Privileged access management (PAM) vendor Delinea has surveyed 1000 IT and security executives, finding that nearly seven in ten hail from organisations breached by ransomware in the last year.

“Ransomware attacks have continued to surge over the past year, despite fewer victims paying,” the vendor said in a press announcement.

In addition, almost one in three got attacked more than once. That’s according to Delinea’s 2025 State of Ransomware Report, which you can download here.

Partly because “critical security gaps” persist, criminals are increasingly succeeding with attacks based on AI, ransomware as a service, and credential theft. AI in particular can help cybercriminals “automate, scale and sharpen” their operations.

“While only 57% of (surveyed) organisations paid ransoms, down from 76% in 2024, the frequency and impact of attacks continued to grow,” Delinea said.

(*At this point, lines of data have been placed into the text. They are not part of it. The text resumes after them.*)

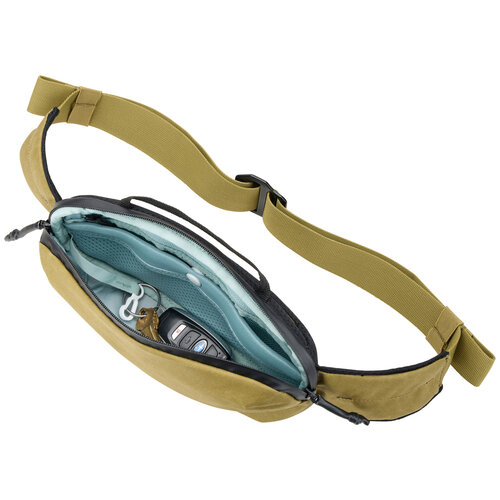 Thule heuptas Thule Aion Sling 2 liter nutria Thule heuptas Thule Aion Sling 2 liter nutria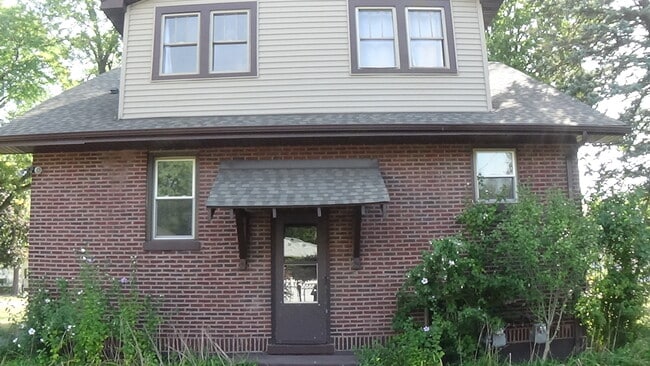 Building Photo - 7120 Osborn Ave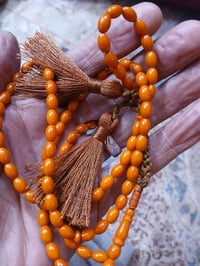 اكسسوارات شخصية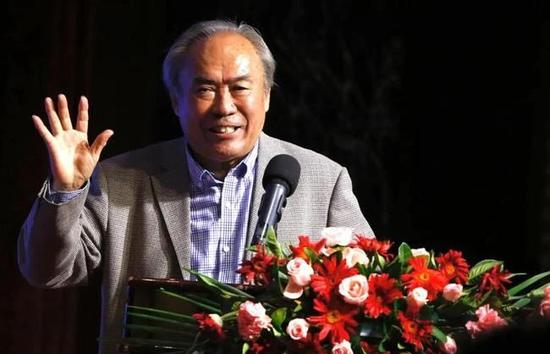 亚洲欧美精品成人久久91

“Threat actors turned to other tactics like extortion; 85% of ransomware victims were threatened with exposure.”

Organisations should look to their defences, the vendor noted.

Accordingly, Delinea’s platform is all about securing human and machine identities through centralised authorisation and privileged access controls. Also, its solutions are based on zero-trust and least-privilege approaches, the vendor said.

Proactive privileged access and identity security

In order to protect themselves, organisations must “fight AI with AI”, according to Delinea. AI can work well within security operations centres (SOCs), where teams can use AI to analyse indicators of compromise and to prevent phishing.

Also, organisations should embrace proactive identity security with zero trust architecture, PAM, and continuous credential monitoring, the vendor said.

Meanwhile, threat actors use AI to automate phishing, impersonate trusted individuals via deepfakes, and accelerate attacks.

In fact, 90% of the executives surveyed said they worried about ransomware. In addition, failing to act was expensive – 75% of those admitting an attack took up to two weeks to recover.

However, only 34% enforced least privilege access controls and just 57% used application control measures, Delinea said.

“In a ransomware context, least privilege helps to reduce the attack surface and blast radius.”